US Steel will invest 1.2 billion dollars in the modernization of its American plants

Investments will allow the leading US steelmaker to increase its productivity from 10 to 11 million tons of steel per year, as well as reduce production costs.

Dramatic photos published last week by Bloomberg Businessweek provided a rare look inside U.S. Steel's Edgar Thomson and Irvin plants as the company is spending $1.2 billion to improve facilities across the country.

The upgrades come as U.S. Steel executives plead with President Trump to get tough on imports. The president has pledged to bring back American manufacturing, including steel production.

The Edgar Thomson plant in Braddock already received a new cooling tower as part of the upgrades. The project cost about $2 million and was completed during the first months of the year.

Later this year, U.S. Steel will invest $1 million to upgrade the discharge table, rolls and bearings of a hot strip mill at the Irvin plant in West Mifflin.

“While this is a larger program, the majority of the projects are not large, complex projects,” U.S. Steel wrote in its second-quarter earnings report. “This means that the projects are easier to execute.”

The Edgar Thomson and Irvin plants are part of U.S. Steel's Mon Valley Works.

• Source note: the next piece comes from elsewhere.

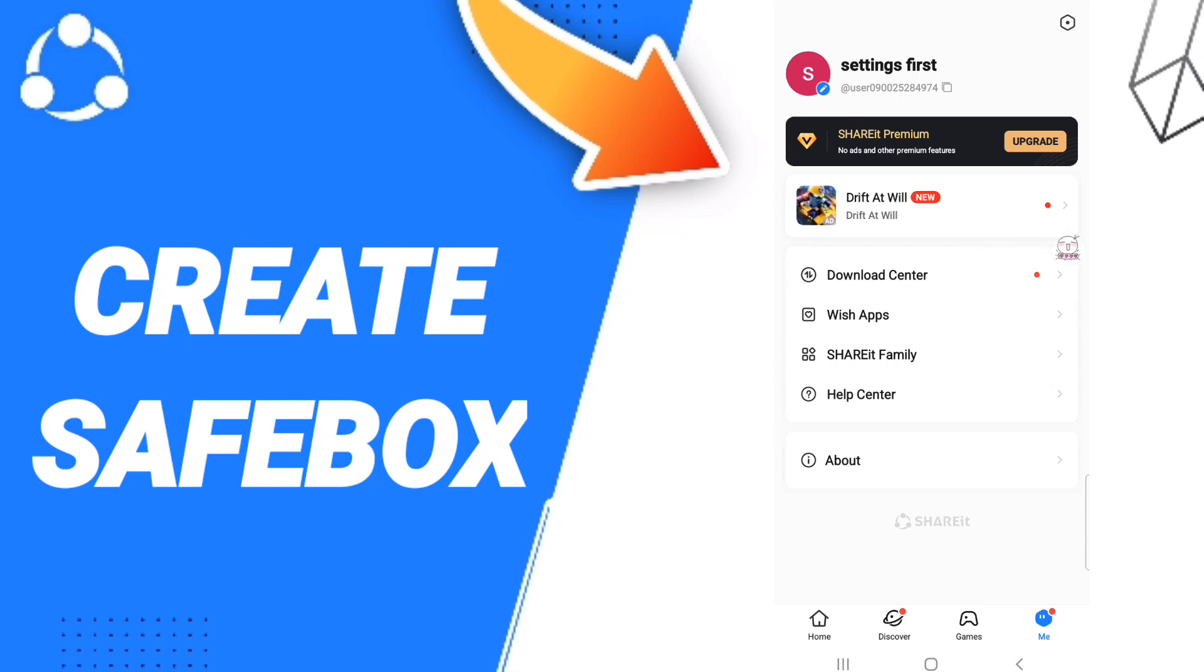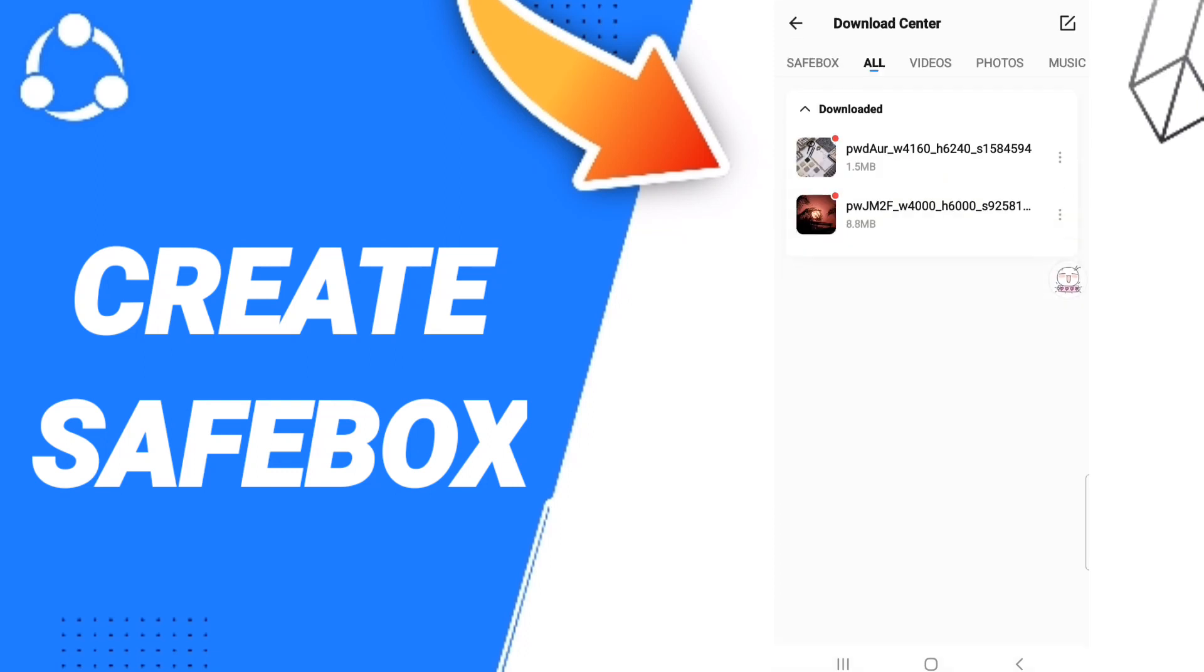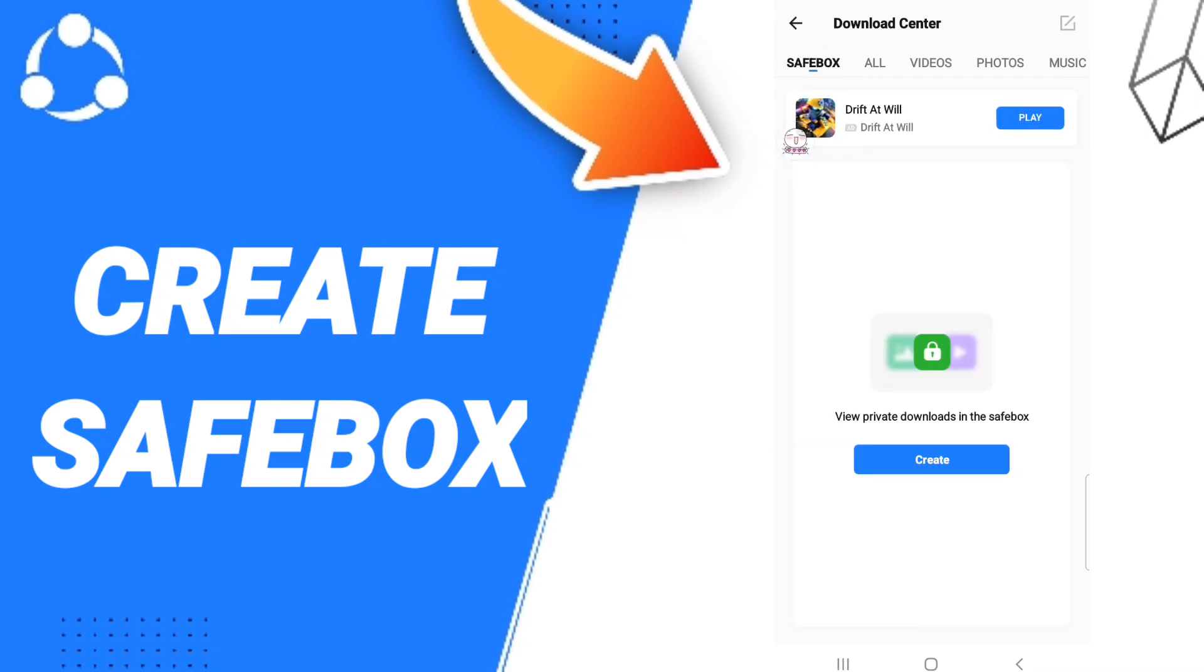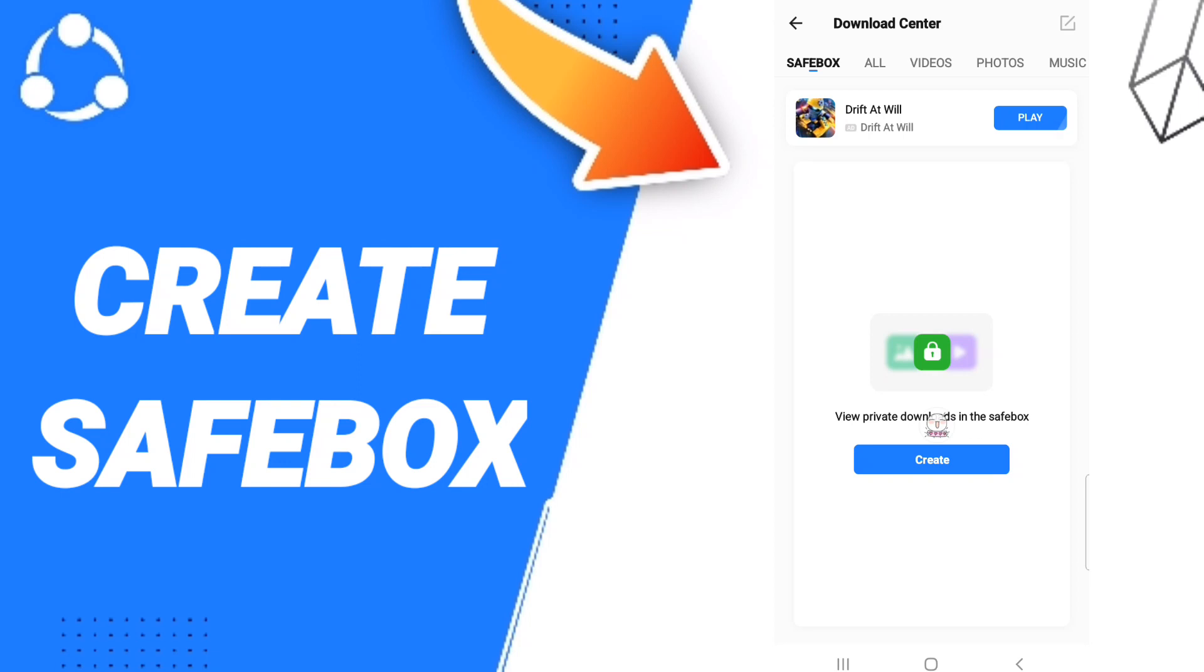Then in this list here, you will go to above to this window of safebox. And after that, here will find list of safebox, view private downloads in the safebox. You will click Create to create it here.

U.S. Steel's improvements also will target steel production facilities in Gary, Ind., and along Michigan's Detroit River. The company hopes the upgrades will make steel production more efficient and more reliable and improve the quality of its products while decreasing costs, U.S. Steel wrote in the second-quarter earnings report. The upgrades are expected to increase production capabilities from 10 million tons to 11 million tons annually and increase earnings to up to $325 million a year by 2020.